_What you will do_: Set the listing down again exactly, please, apart from its pictures.

_Recorded data_:
################
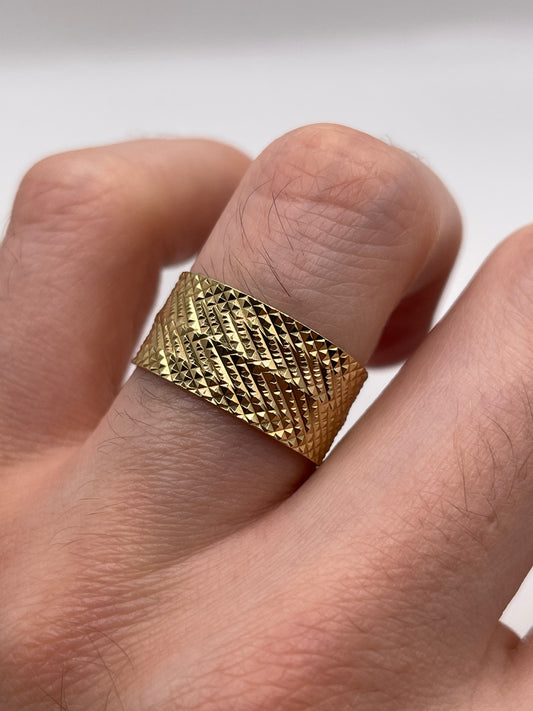 9ct gold patterned band
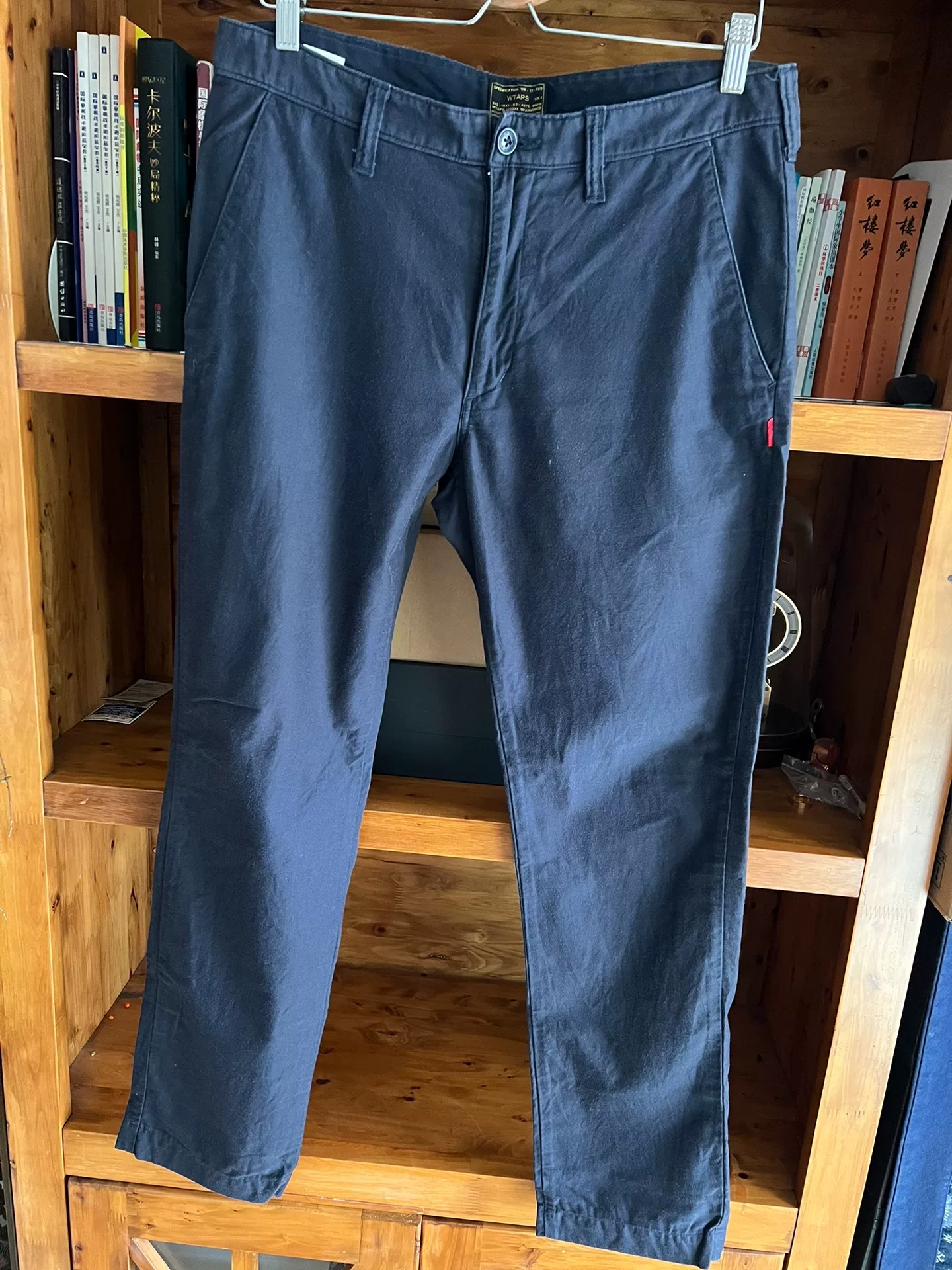WTAPS Skinny Indigo Dyed Cargo Pants — detail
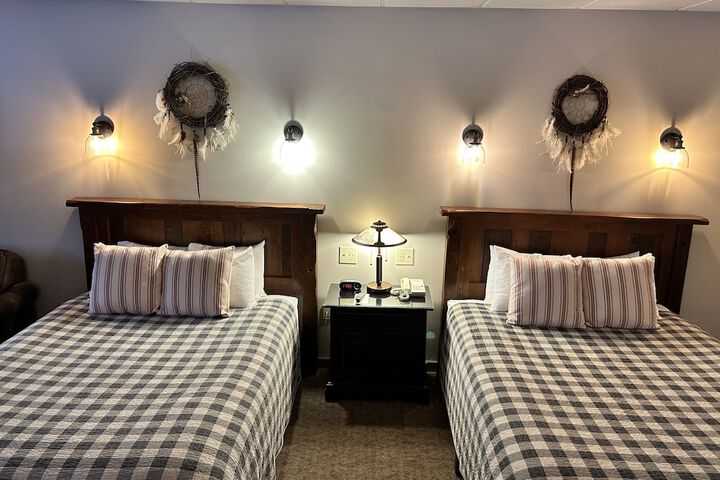 Room 222 of 260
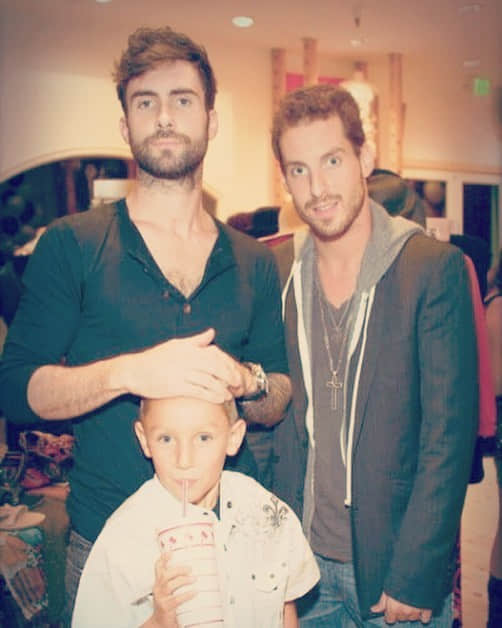 手足情深!9位超级支持自己兄弟姐妹出柜的明星:从 Chris Evans 到 Adam Livine-NICEOLO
################
_Task response_:
 9ct gold patterned band
WTAPS Skinny Indigo Dyed Cargo Pants — detail
 Room 222 of 260
 手足情深!9位超级支持自己兄弟姐妹出柜的明星:从 Chris Evans 到 Adam Livine-NICEOLO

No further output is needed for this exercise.